Buddha Sakyamuni
The first human of this world era to attain the highest evolutionary perfection accessible to humans, the mental and physical enlightenment of Buddhahood, was prince Siddhartha of the Sakya clan in northern India. He became the unexcelled perfectly Enlightened Lord under the bodhi tree in around 536 BCE. Entitled Sakyamuni, the Sakya Sage, he was considered to have become a form of life beyond the human or the divine. No being can possibly be more kind to other beings than a perfect Buddha. This kindness is essentially superhuman. He is the master who propagated the path popularly known as Buddhism, but he is not the only Buddha and Buddhadharma can also be found in the teachings of other great awakened Buddhist teachers.

Guru Rinpoche or Padmakara, Embodiment of all the Buddhas
Due to his great realisation and spiritual power, he created the conditions for the propagation of the Vajrayana teachings in this world. He tamed spirits hostile to the Buddhadharma in Tibet and pacified negative forces, allowing for the completion and consecration of the magnificent temples of Samye. Moreover, through Master Padma’s unfailing compassion and diverse skilful means, he hid numerous teachings for future generations. These terma teachings would be revealed by terma discoverers (tertöns) when the conditions were auspicious and the benefit most appropriate for people of that particular time. In particular as far as the Longchen lineage is concerned, Guru Rinpoche entrusted the transmission of the Khandro Nyinthig teachings to Princess Pemasal (see section on Longchen Rabjam below). Even in recent times, Guru Rinpoche’s treasure teachings continue to be revealed.

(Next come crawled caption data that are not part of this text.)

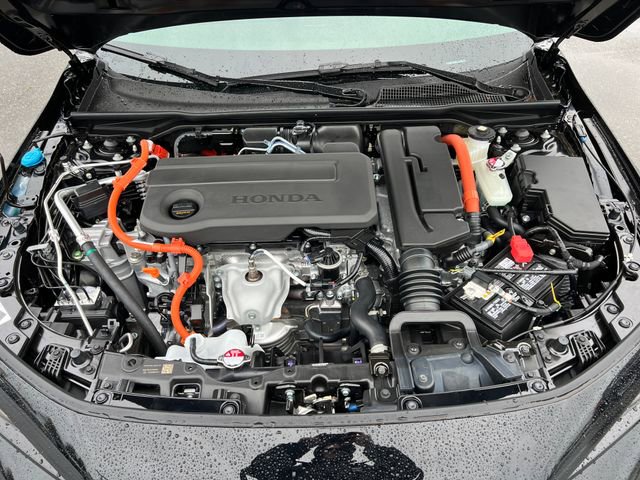 New 2026 Honda Civic Sport image 29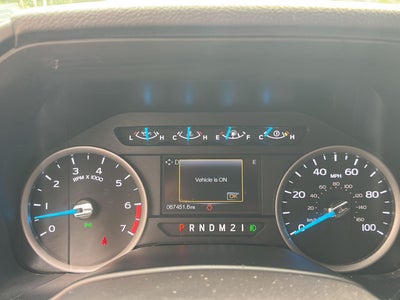 2017 Ford Super Duty F-250 XLT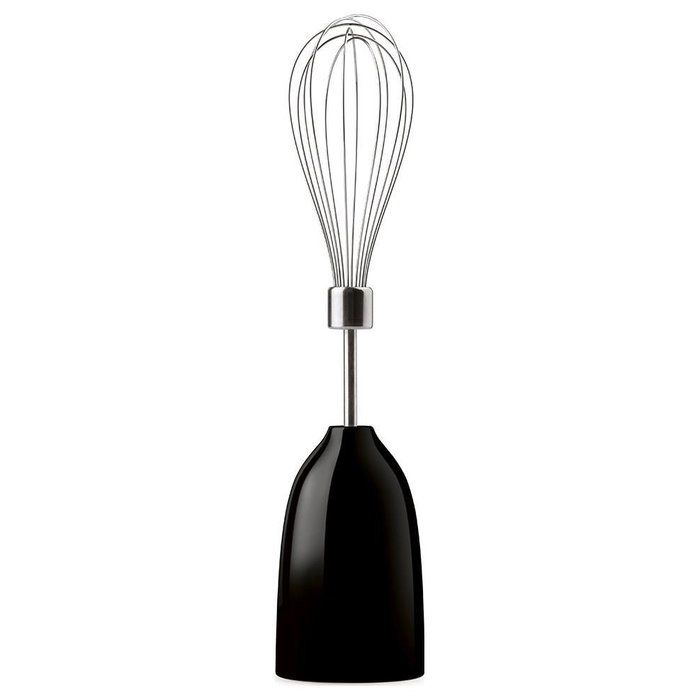Smeg HBF03BLEU Batidora de inmersión Negra Smeg HBF03BLEU Batidora de inmersión Negra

Mandarava, along with Yeshe Tsogyal, is considered one of the two principal consorts of Guru Rinpoche. Through practice and diligence, Mandarava realised a degree of spiritual mastery equal to that of Padmakara her consort, evidenced in her honorific Machig Drupa Gyalmo (ma gcig grub pa’i rgyal mo), The Unique Mother the Flower Mandarava, Queen of Siddhi. Mandarava was famed for her beauty, and many kings and princes sought her hand in marriage. She, however, had no interest in worldly affairs, and only desired the freedom to be able to practice Buddhadharma. She met Padmakara whilst he was giving teachings. Her father, Vihardhara, hearing of their union became fearful of the contamination of the royal bloodline. He ordered that they be burned to death on a great pyre in Mandi (Zahor), Southern India. Instead of finding their charred corpses however, Vihardhara found that the pyre had been transformed into a beautiful lake out of which arose a blossoming lotus. Sitting in the centre of the lotus were Mandarava and Padmakara, unharmed and unperturbed.

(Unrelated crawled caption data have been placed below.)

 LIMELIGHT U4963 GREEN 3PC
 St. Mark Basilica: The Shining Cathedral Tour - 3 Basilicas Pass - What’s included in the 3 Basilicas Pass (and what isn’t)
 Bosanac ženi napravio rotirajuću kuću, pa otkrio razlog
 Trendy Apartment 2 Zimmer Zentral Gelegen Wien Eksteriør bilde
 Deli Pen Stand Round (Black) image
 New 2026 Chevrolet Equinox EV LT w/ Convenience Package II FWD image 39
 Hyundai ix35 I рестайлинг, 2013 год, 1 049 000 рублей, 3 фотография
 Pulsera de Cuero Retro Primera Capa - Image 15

Samantabhadra, the King of All Creators in the Nyingma tradition from which the Dzogchen teachings spring, is symbolised by a naked, sky-coloured male Buddha. He is considered to be the only Buddha never to have entered either samsara or nirvana. He is often represented in union with his female consort, Samantabhadri. Samantabhadra signifies Dharmakaya, that which dwells without change, discrimination or distinction with one taste, like space. He is primordial wisdom beyond concepts, free from the very beginning. It is from Samantabhadra that Vimalamitra received the Vima Nyinthig transmission.

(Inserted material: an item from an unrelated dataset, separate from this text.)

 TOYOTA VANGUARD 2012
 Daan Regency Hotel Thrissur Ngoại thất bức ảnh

Vimalamitra was born in western India and received the Vima Nyinthig teachings directly from Samantabhadra. He is responsible for taking the transmission from India to Tibet. He stayed in Tibet for thirteen years after which he departed for the Five Peaks in China. He attained the rainbow body of great transformation and according to his aspirations will remain there as long as the Buddhadharma exists, at which point he will dissolve into the Dharmakaya at Bodhgaya. He promised to send an incarnation of himself to Tibet every one hundred years to ensure the propagation of the Nyinthig teachings.

Kunkhyen Longchen Rabjam
Longchen Rabjam is revered as one of the greatest masters in the Nyingma school of Vajrayana buddhism. He wrote more than 250 treatises on a wide variety of topics, but is best known for his works on Dzogchen, Great Perfection. He was born in the Tra Valley of southern Tibet in 1308. Longchen Rabjam was a reincarnation of Princess Pemasal (ninth century C.E) to whom Guru Rinpoche had entrusted the transmission of the Khandro Nyinthig teachings. The princess took rebirth several centuries later as Pema Letro Tsal (1291-1319?), who discovered the Khandro Nyinthig as terma and who in turn was reborn as Longchen Rabjam. The transmission of the Vima Nyinthig also flowed into him, and he then disseminated both traditions by revealing Lama, Khandro and Zabmo Yanthigs. He then brought all these Yanthig and Nyinthig teachings together in the Nyinthig Yabzhi. According to the text of the Aryamanjushrimulakalpa he was a manifestation of the Bodhisattva Manjushri.